GegznaV commented 4 years ago

I corrected some issues in the schemes.

Scheme 1

![image](https://user-images.githubusercontent.com/12725868/87557771-000c1100-c6c1-11ea-9bc0-16b9ce58a1ab.png)

Scheme 2

![image](https://user-images.githubusercontent.com/12725868/87558457-cdaee380-c6c1-11ea-83ff-aedd57f015c6.png)

Legend

**Legend** Font color: - Black: already implemented packages - Red: not implemented yet - Green: non-package repos Lines/Arrows: - red: automatic relationship via CI. - blue: package dependencies (e.g., via "imports") - dashed purple: package dependencies (e.g., via "suggests"; only if installed on the user's computer): a. destination package is used to load other installed packages), b. This destination package may also reexport functions from the other packages.

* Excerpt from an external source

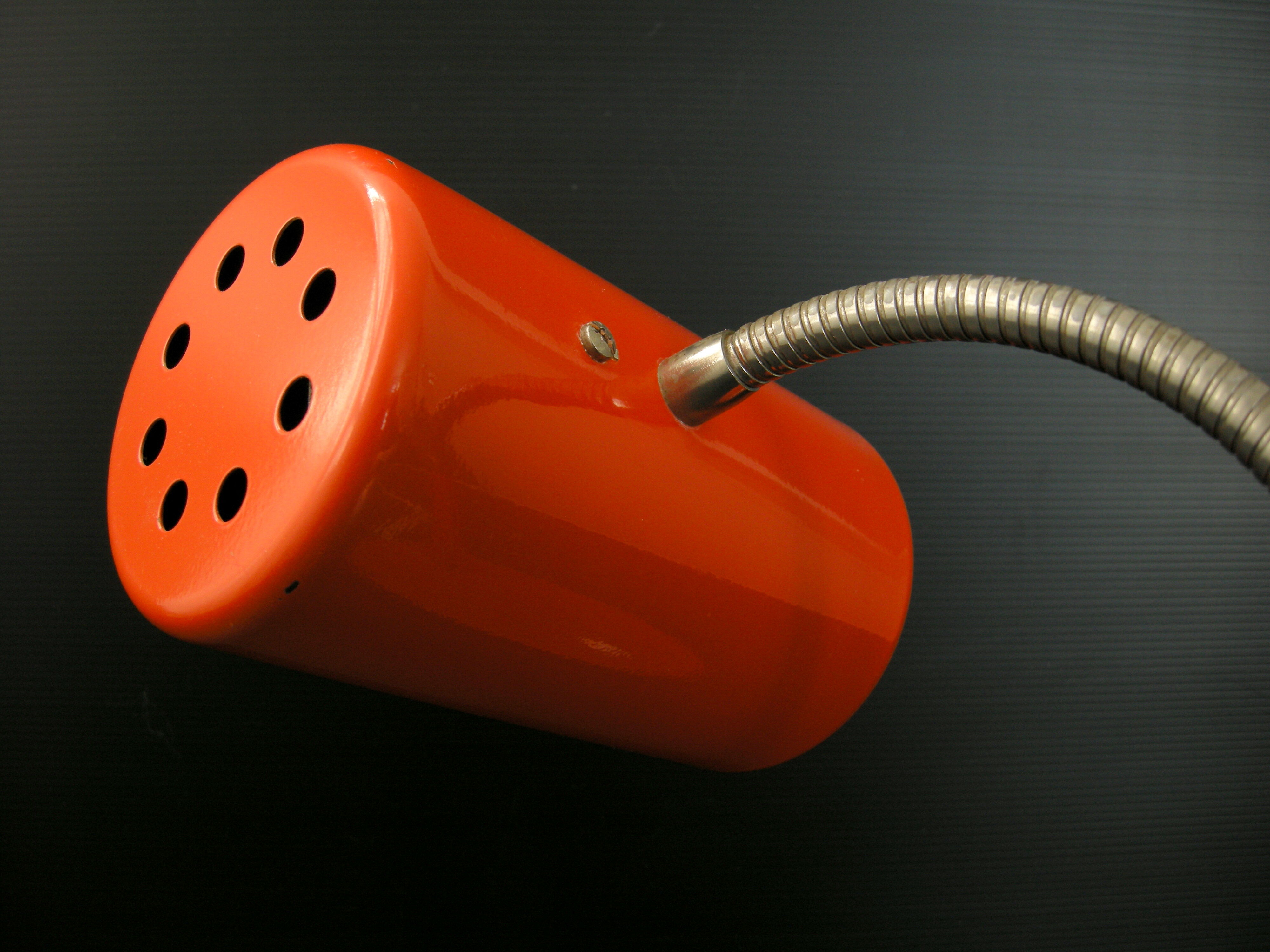 Lampe vintage 1970 métal laqué orange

cbeleites commented 4 years ago

Here's my proposal, edited from @GegznaV's list on slack:

Main package

hyperSpec CRAN

Bridge packages

... connect hyperSpec with other packages where interaction does not work automatically. They can go on CRAN since we don't need huge test data sets.

hySpc.ggplot2 CRAN
hySpc.dplyr CRAN
hySpc.matrixStats CRAN (future)
hySpc.baseline CRAN (future)
hySpc.EMSC CRAN (future)

Data packages:

hySpc.chondro GH only

Helper/Utility packages:

hySpc.skeleton GH only/no actual publication as package
hySpc.testthat CRAN

Helper GH repos:

r-hyperspec.github.io/
hySpc.pkgs/

Input/Output packages:

This is where things are more complicated...

If we want to cut down dependencies (https://github.com/cbeleites/hyperSpec/issues/215), at least some file import packages should go by file format rather than manufacturer:

hySpc.read.mat for Matlab .mat based file formats (read.mat.Witec() and read.mat.Cytospec())
depends on R.matlab.
hySpc.read.spe (for Princeton Instruments/Winspec) depends on xml2.
hySpc.read.JCAMP.DX will rather be a bridge package to @bryanhanson 's readJDX package, so obviously depends on readJDX.

There are import filters that do not add dependencies for binary formats:

read.ENVI.*() -> hySpc.read.ENVI
read.spc.*() -> hySpc.read.spc

These two file formats are sufficiently widespread and well-known that I believe they should each go into its own package.

There are import filters for a large variety of ASCII/text based formats:

files that usually have .asc ending: read.asc.Andor(), read.asc.PerkinElmer()
files that usually have .txt ending: read_txt_Witec(), read_txt_Witec_TrueMatch(), read.txt.Horiba(), read.txt.Renishaw(), read.txt.Shimadzu()
the Witec multi-ASCII-file formats: read_dat_Witec(), read_txt_Witec_Graph()

Should these be bundled into, say, hySpc.read.txt?

Last but not least, there is a number of file formats where we have example data but no import functions yet. At least some of them will have their own dependencies.

Import of Shimadzu .spc files (https://github.com/cbeleites/hyperSpec/issues/102) will require OLE reading.
(Unfortunately Shimadzu uses a file ending here that coincides with the well-known and widely used Thermo Galactic .spc file format ending - but the formats are completely different)
.jaz is ASCII, I don't think we'll have dependencies here
.pz2 is ASCII, I don't think we'll have dependencies here (we have some import code here that would need polishing)
Diffrac .uxd: ASCII, I don't think we'll have dependencies here
Perkin Elmer .sp: binary. Not sure about inner structure or dependencies
Gasmet .spe: binary, not the same as Princeton Instruments/Winspec .spe. Not sure about inner structure or dependencies
Trivista .tvf: XML-based
Renishaw WiRE .wdf binary, probably doable without dependencies.
Witec .WIP: binary, not sure about dependencies. Witec refused to discuss their file format with me, but see e.g. Gwyddion
Bruker Opus .0, .1, ...: binary (we don't actually have example data, but I could easily obtain some). Bruker has let me have their file format whitepaper in the past, but not recently. I.e.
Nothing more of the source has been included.